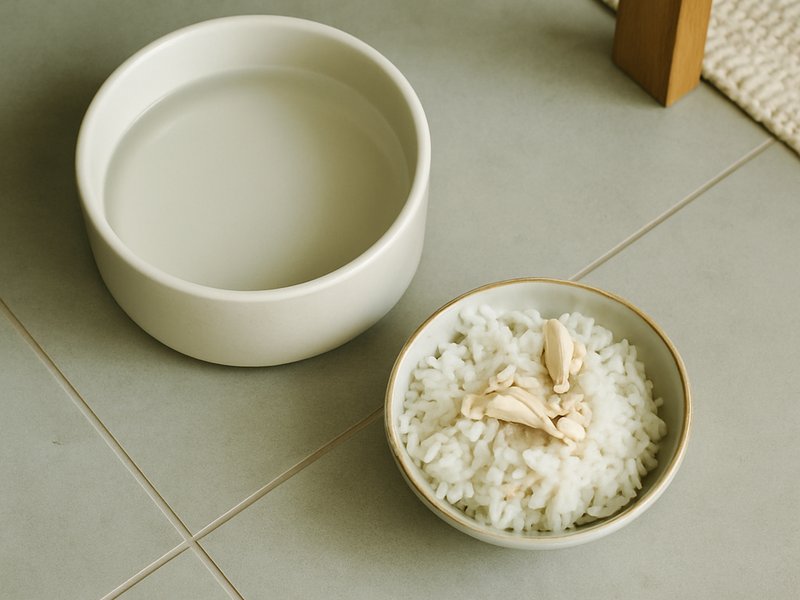 A clean white ceramic water bowl beside a small dish of plain rice and chicken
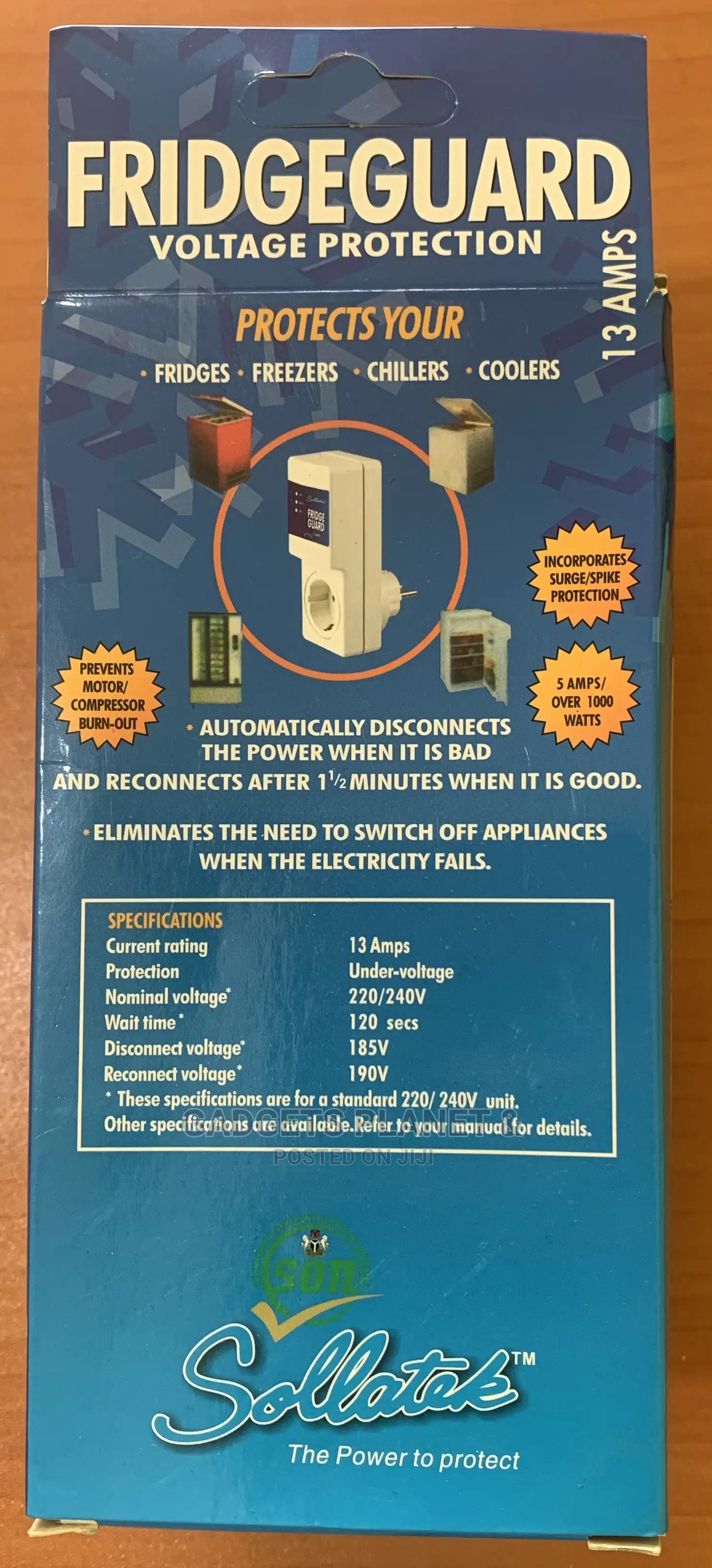Sollatek Fridge Guar Voltage Protection - 13amps
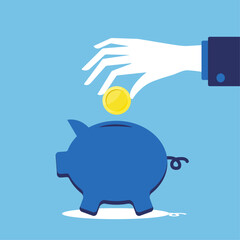 Throwing a coin into a piggy bank with coins. Vector illustration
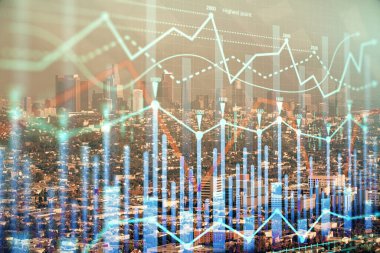 Gökdelenler, duvar kağıtları, çift pozlu eski şehir haritası. Finansal araştırma kavramı.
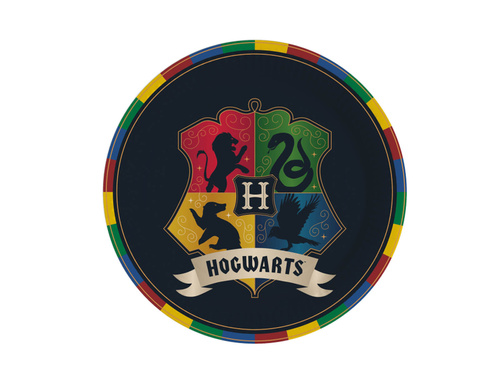 Talerzyki papierowe na urodziny Harry Potter - 23 cm - 8 szt.
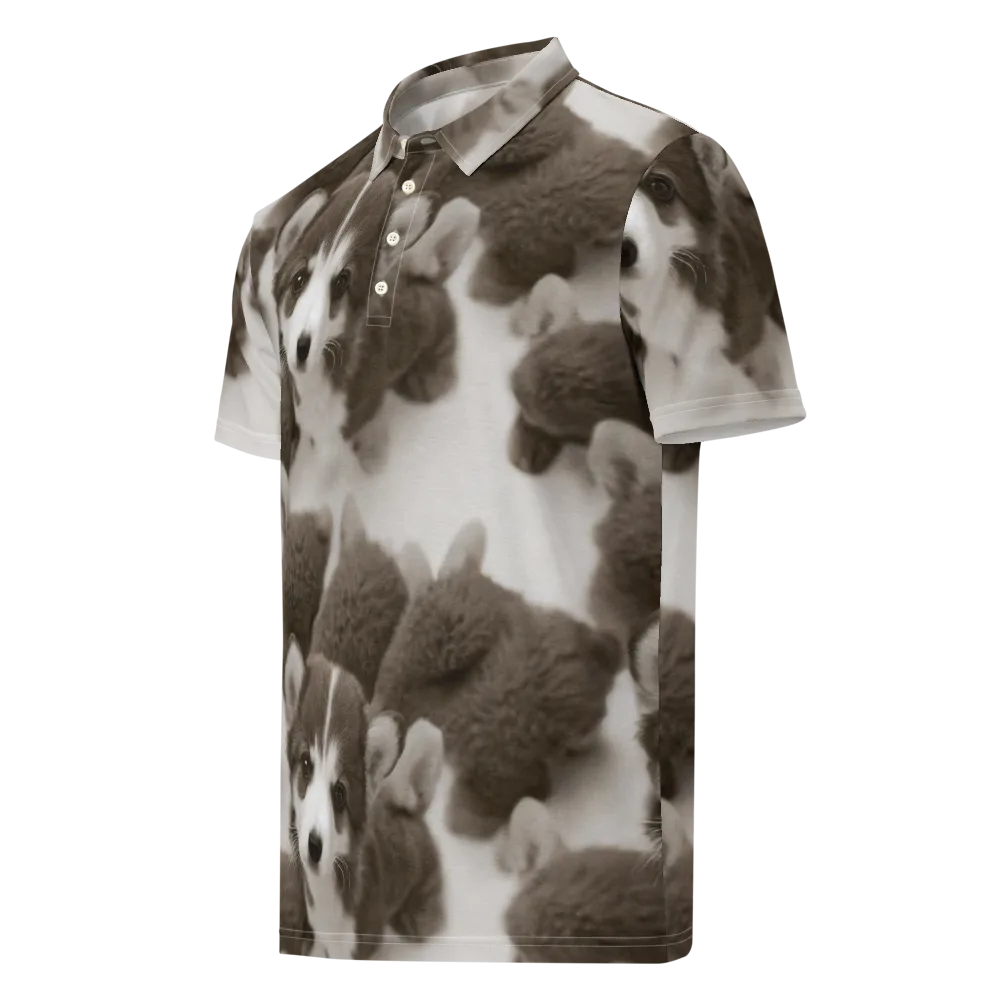 Sepia Puppy Parade on Men's Slim Fit Polo Shirt — Left Front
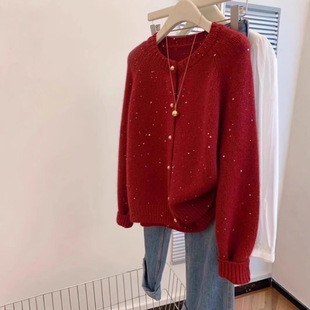 温柔氛围感亮片圆领毛衣开衫女秋本命新年复古红色软糯针织外套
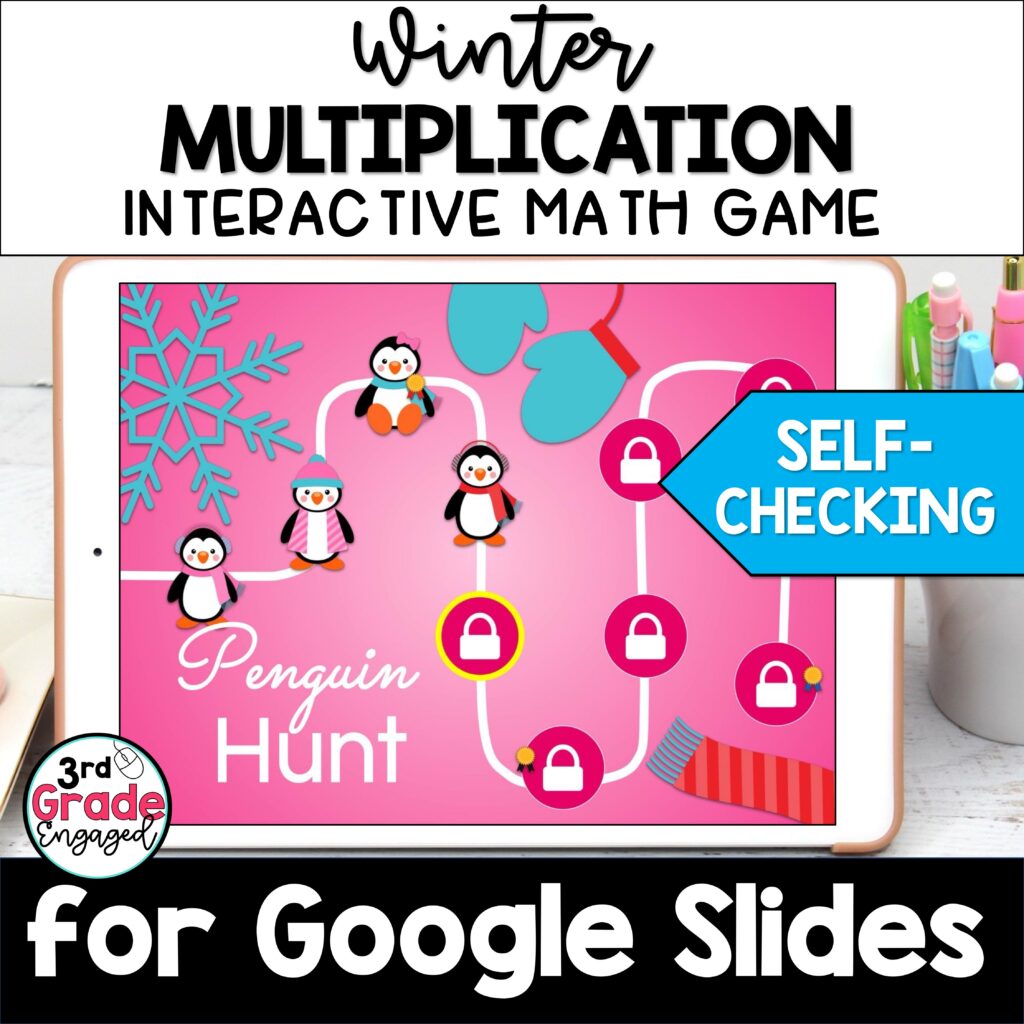 Winter Multiplication Digital Math Game For Google Slides Made By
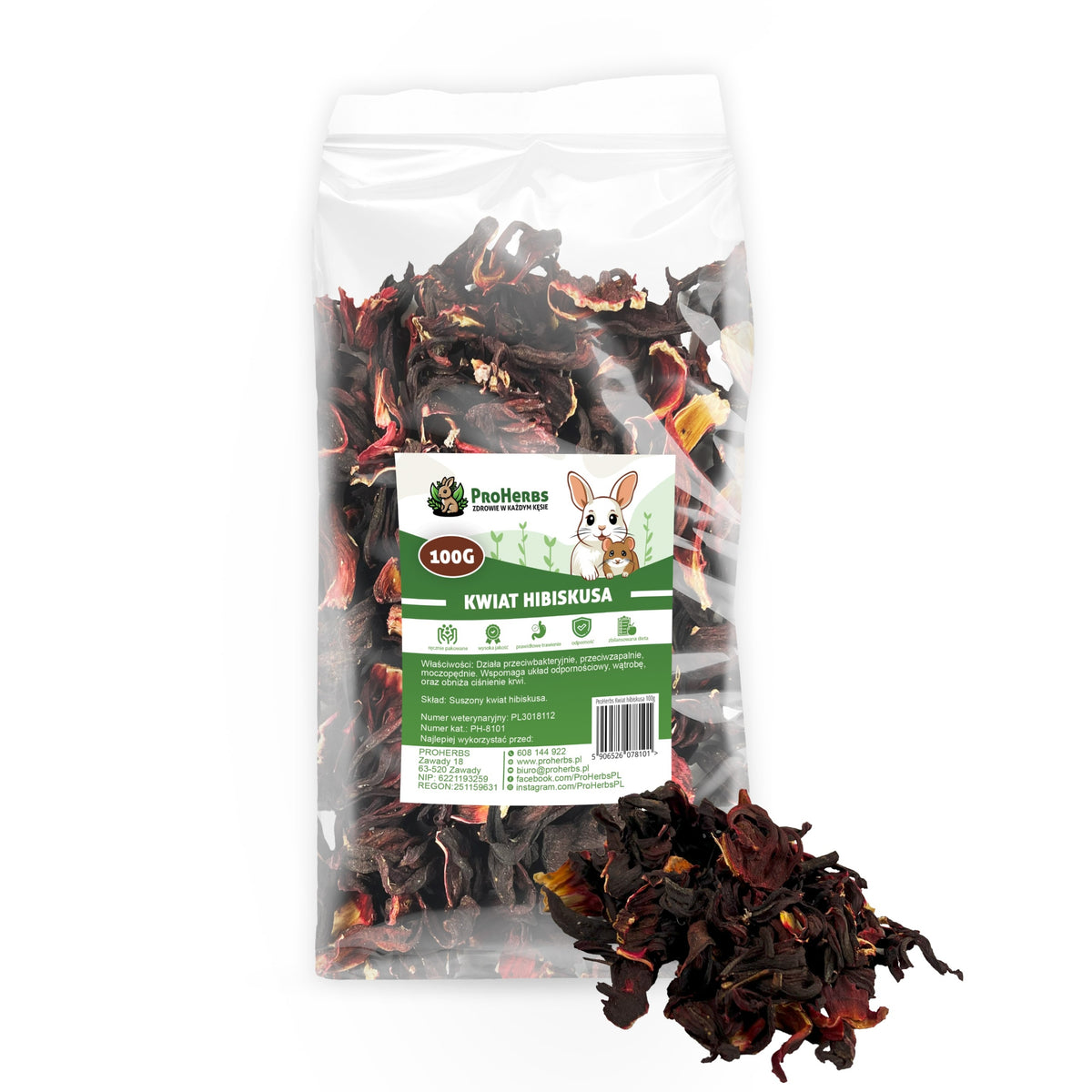 ProHerbs Hibiscus Flower Treat for Rabbit Rodents 100g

★ ★ ★ ★ ★

What the exercise asks — Beginning with the line that contains "Gökdelenler, duvar kağıtları, çift" and ending with the line that contains "Winter Multiplication Digital", reproduce the listing exactly, pictures excluded.

Result —
 Gökdelenler, duvar kağıtları, çift pozlu eski şehir haritası. Finansal araştırma kavramı.
 Talerzyki papierowe na urodziny Harry Potter - 23 cm - 8 szt.
 Sepia Puppy Parade on Men's Slim Fit Polo Shirt — Left Front
 温柔氛围感亮片圆领毛衣开衫女秋本命新年复古红色软糯针织外套
 Winter Multiplication Digital Math Game For Google Slides Made By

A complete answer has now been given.